The news is carrying stories and photos of depleted shelves in stores. Facebook users are sharing cartoons of people stocking up on food, sanitizers, and toilet paper. The current pandemic is transforming many people into hoarders. They are trying to be proactive—preparing for the future. As a result, people who really need some of these supplies are being deprived.
I remember when Sister Karla explained that her vow of poverty kept her from having two of everything: one as a backup— just in case. Her thinking was in line with Gospel living. Jesus was definitely against hoarding. He told his disciples to go forth with “no bag, or two tunics, or sandals, or a staff” (Matthew 10:10). Hoarding is a sign of greed, one of the seven deadly sins that spawn other sins.
Jesus warned us against hoarding by a parable:
“Watch out! Be on your guard against all kinds of greed; life does not consist in an abundance of possessions.” And he told them this parable: “The ground of a certain rich man yielded an abundant harvest. He thought to himself, ‘What shall I do? I have no place to store my crops.’ “Then he said, ‘This is what I’ll do. I will tear down my barns and build bigger ones, and there I will store my surplus grain. And I’ll say to myself, “You have plenty of grain laid up for many years. Take life easy; eat, drink and be merry.”‘ “But God said to him, ‘You fool! This very night your life will be demanded from you. Then who will get what you have prepared for yourself?’ 21“This is how it will be with whoever stores up things for themselves but is not rich toward God.” (Luke 12:13—21)
Jesus urged us to trust God, who knows what we need. He said, “Do not worry about your life, what you will eat, or about your body…. Can any of you by worrying add a single hour to your span of life?” (Luke 12:22–25).
Interestingly, during the Exodus when the Israelites were hungry in the desert, God gave Moses these directions about the manna he was sending: “The people shall go out and gather enough for that day.” They were to gather only as much as each person needed. On the day before the Sabbath, they were to gather twice as much to carry over to that sacred day. But some Israelites went out on the Sabbath to collect more, angering the Lord.
When Jesus multiplied bread and fish, there was more than enough for everyone. There were seven baskets of leftovers. One modern interpretation of this miracle story is that food was provided not because Jesus multiplied it but because everyone shared. This isn’t true; otherwise at least one of the six accounts of the miracle in the Gospels would have mentioned it. However, the proposal makes a fitting lesson for us today.
This is a time for sharing. The morning after we were quarantined I had intended to go out for toothpaste.
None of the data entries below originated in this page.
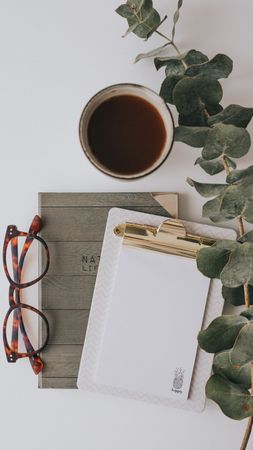 Writing accessories and drink in mug on white background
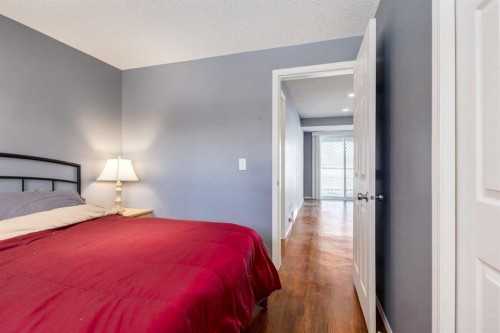 145 Fairway View Nw, High River, AB - Indoor Photo Showing Bedroom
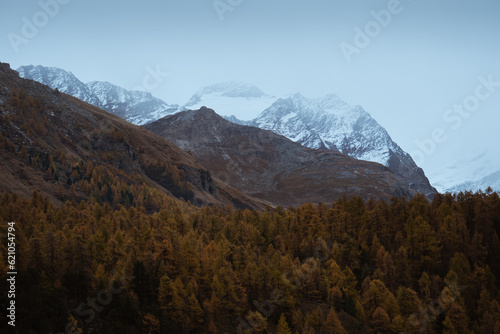 Blue Hour shot of the snow peaks of Mount Corvatsch, during a cloudy autumnal day, Swtizerland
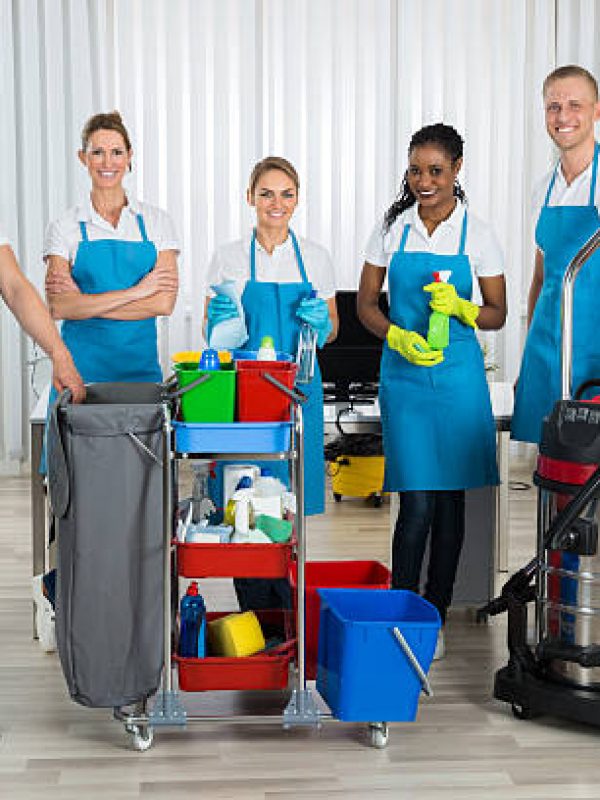 Group Of Happy Cleaners Standing With Cleaning Equipments In Office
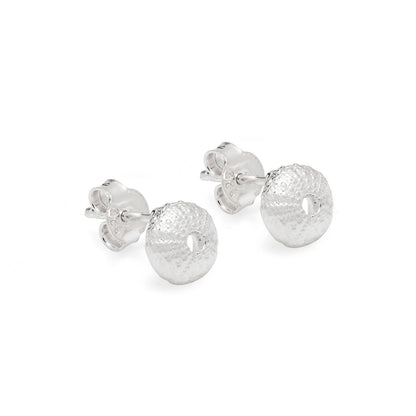 A pair of silver sea urchin stud earrings with textured, hammered circular dangles, shown on a clean white background.
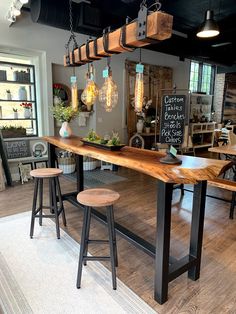 a wooden table sitting inside of a store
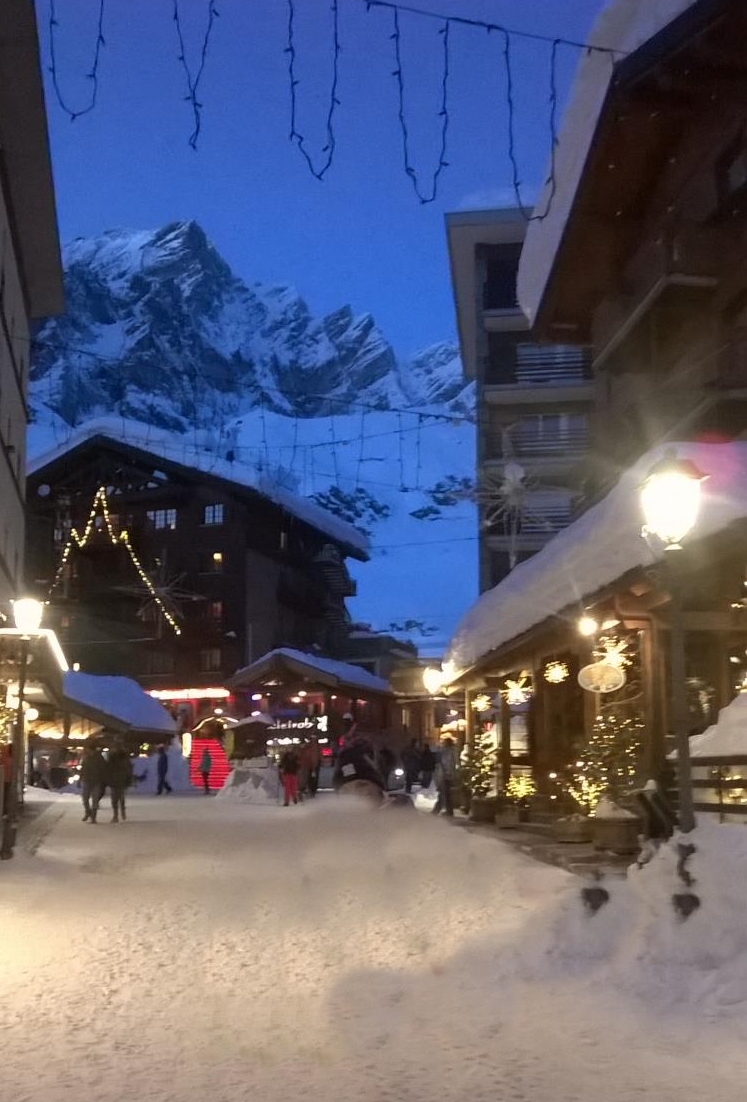 Night charm of Cervinia. city center lit up and full of snow
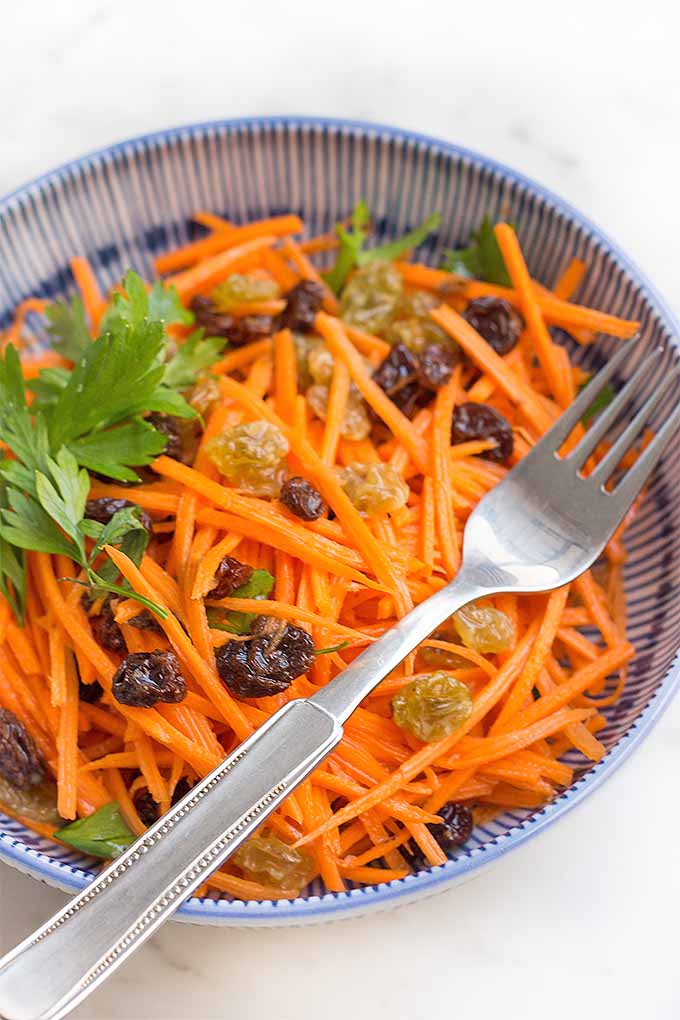 Whip up a fresh and flavorful side dish in just a few minutes with our recipe for Carrot Raisin Salad with Lemon Aioli: https://foodal.com/recipes/salads/carrot-raisin-lemon-aioli/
When I mentioned this to a friend, she said she could give me a tube.
Among the advice given for how to spend time in isolation productively is “clean out your closets.” I’m guessing that for many of us this has been far down on our to-do list. I feel guilty whenever I recall St. Basil’s wise observation:
“The bread in your cupboard belongs to the hungry; the coat unused in your closet belongs to the one who needs it; the shoes rotting in your closet belong to the one who has no shoes; the money which you hoard up belongs to the poor.”
A post on Facebook this morning: Be sure to stock up on compassion!
How has someone shared with you lately?